## Aim of the exercise:
Every line below is to be set down again exactly; any image stays out.

## Input data:
▶

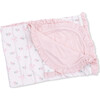 Dainty Buds and Bows, Ruffle Blanket - Blankets - 1 - thumbnail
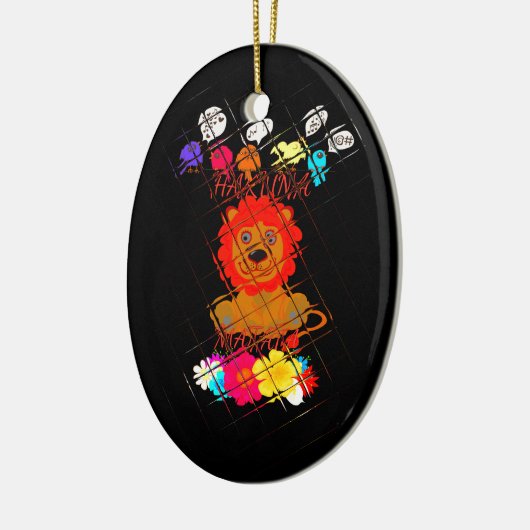 Hakuna Matata niedlicher Löwenkönig Keramikornament (Links)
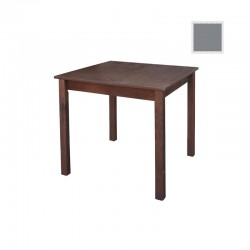 Ταβέρνας Τραπέζι Λυόμενο Κόντρα Πλακέ Οξιά Βαφή Εμποτισμού Λάκα Γκρι c424081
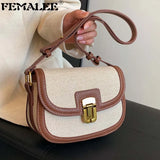 Casual Women Shoulder Bag Saddle Messenger Bags Sac Main Femme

◀

## Result of the task:
 Dainty Buds and Bows, Ruffle Blanket - Blankets - 1 - thumbnail
 Hakuna Matata niedlicher Löwenkönig Keramikornament (Links)
 Ταβέρνας Τραπέζι Λυόμενο Κόντρα Πλακέ Οξιά Βαφή Εμποτισμού Λάκα Γκρι c424081
 Casual Women Shoulder Bag Saddle Messenger Bags Sac Main Femme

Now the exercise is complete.